So here is the bit you are coping with.
Getting that out is one of the easier jobs on these cars. Jack the front up so both wheels are off the ground. Undo your top shock bolt and just push them down another inch with your hand. Then put a big socket on your jack and jack the torsion bar keys up and you can easily pull the inserts out and get this cross member out.
The bushings in this one were totally shagged after 13 years.
One side:
Like, the sleeve was about to totally separate from the rubber. No wonder there was movement.
Although you need to bear in mind you will not see anything wrong with it in the car until you get the pry bar on it.
The other side:
If you want to find your own bushings, here are the dimensions:
Insert is 69mm long, interior diameter for 12mm bolt, exterior diameter 22mm.
Cup diameter is actually closer to 43mm. Bear in mind the old one here has a bit of grunge on the outside affecting the measurement.
Cup length is 50mm.
Good luck finding them, but. I am good at searching, and I could not.
You guys could just buy your own Shore 60 or Shore 80 Polytek and pour your own bushings in the old cup. Wish I could have done that, but it is unavailable here.
Another easy way would be to burn or cut the rubber out of the old cup, and put in these off the shelf parts from suspension.com.

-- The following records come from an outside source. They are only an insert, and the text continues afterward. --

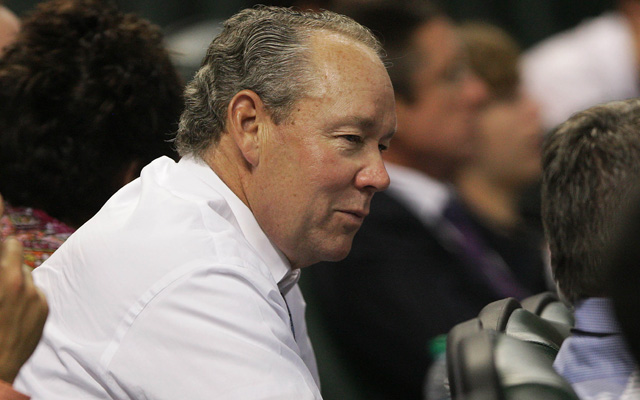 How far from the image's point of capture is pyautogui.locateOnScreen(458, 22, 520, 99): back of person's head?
366 centimetres

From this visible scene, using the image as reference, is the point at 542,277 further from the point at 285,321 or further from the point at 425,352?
the point at 285,321

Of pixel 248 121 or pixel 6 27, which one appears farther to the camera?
pixel 6 27

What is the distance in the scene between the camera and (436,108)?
10.3 feet

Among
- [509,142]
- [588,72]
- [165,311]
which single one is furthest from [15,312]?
[588,72]

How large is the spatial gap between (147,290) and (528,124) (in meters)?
2.58

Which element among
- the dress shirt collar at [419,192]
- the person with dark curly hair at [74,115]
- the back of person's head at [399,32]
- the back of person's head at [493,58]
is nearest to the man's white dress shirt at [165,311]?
the person with dark curly hair at [74,115]

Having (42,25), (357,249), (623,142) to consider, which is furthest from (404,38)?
(623,142)

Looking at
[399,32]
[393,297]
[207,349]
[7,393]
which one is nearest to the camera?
[7,393]

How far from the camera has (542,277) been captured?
3.22 metres

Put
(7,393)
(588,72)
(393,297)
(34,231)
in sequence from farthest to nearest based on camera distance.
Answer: (588,72) < (393,297) < (34,231) < (7,393)

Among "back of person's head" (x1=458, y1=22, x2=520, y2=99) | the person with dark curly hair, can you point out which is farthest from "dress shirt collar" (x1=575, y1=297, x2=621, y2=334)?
"back of person's head" (x1=458, y1=22, x2=520, y2=99)

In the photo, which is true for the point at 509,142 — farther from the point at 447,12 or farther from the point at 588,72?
the point at 447,12

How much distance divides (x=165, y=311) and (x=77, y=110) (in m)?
0.73

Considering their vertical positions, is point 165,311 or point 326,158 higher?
point 326,158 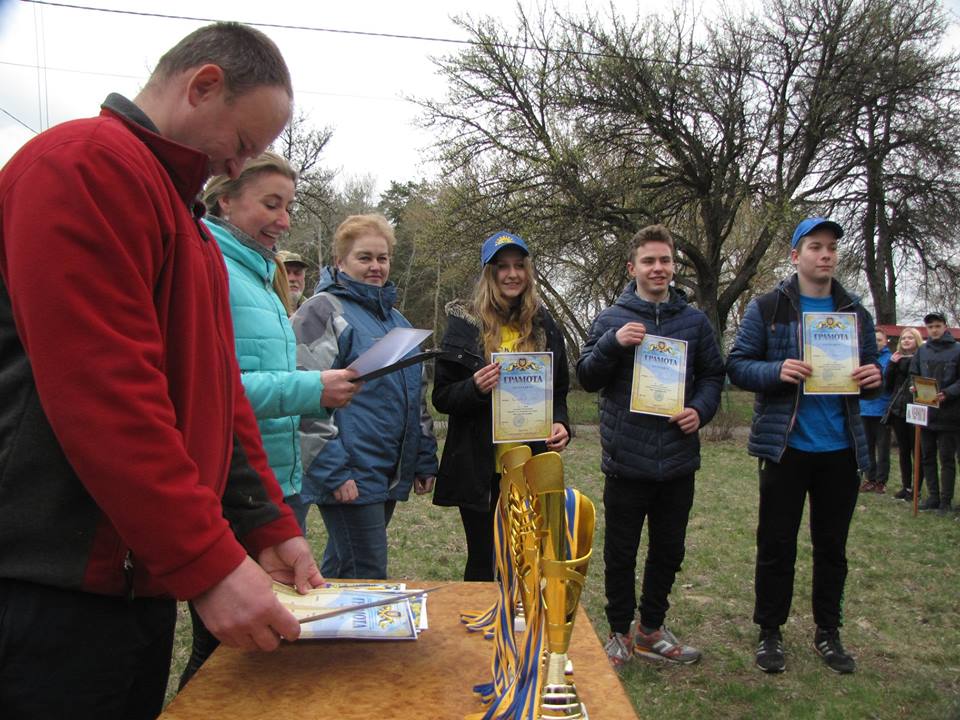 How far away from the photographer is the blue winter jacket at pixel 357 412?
303 centimetres

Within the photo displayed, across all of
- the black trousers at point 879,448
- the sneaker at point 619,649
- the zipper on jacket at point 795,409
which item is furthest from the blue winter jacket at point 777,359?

The issue is, but, that your new bushings are not bonded like the rubber ones, so you would have to put spacers like so:
To stop the bushing sliding back and forth on the insert, particularly as you are gonna grease there.
Also, if you leave the original cup in there, one end is kind of sharpened, so you would have to grind that down and make a washer lip for it to stop that slicing the flange off the bushing, I reckon.
I am going to weld in new cups that will be longer, with longer bushings, so that the ends of the bushings are flush with the ends of the 70mm sleeve. Then it will fit in there snug. Spacers are just another thing to make noise, in my opinion.
I will cut this pipe down so when I stick the bushings in it, that fits neat in between the flanges on the chassis where you bolt this cross member in.
That will be heaps better than rubber. I hate rubber cause in the hot weather and on the bad roads here, rubber bushings are always busting, and the price they sell them - if you can find them - is utter robbery for what they are.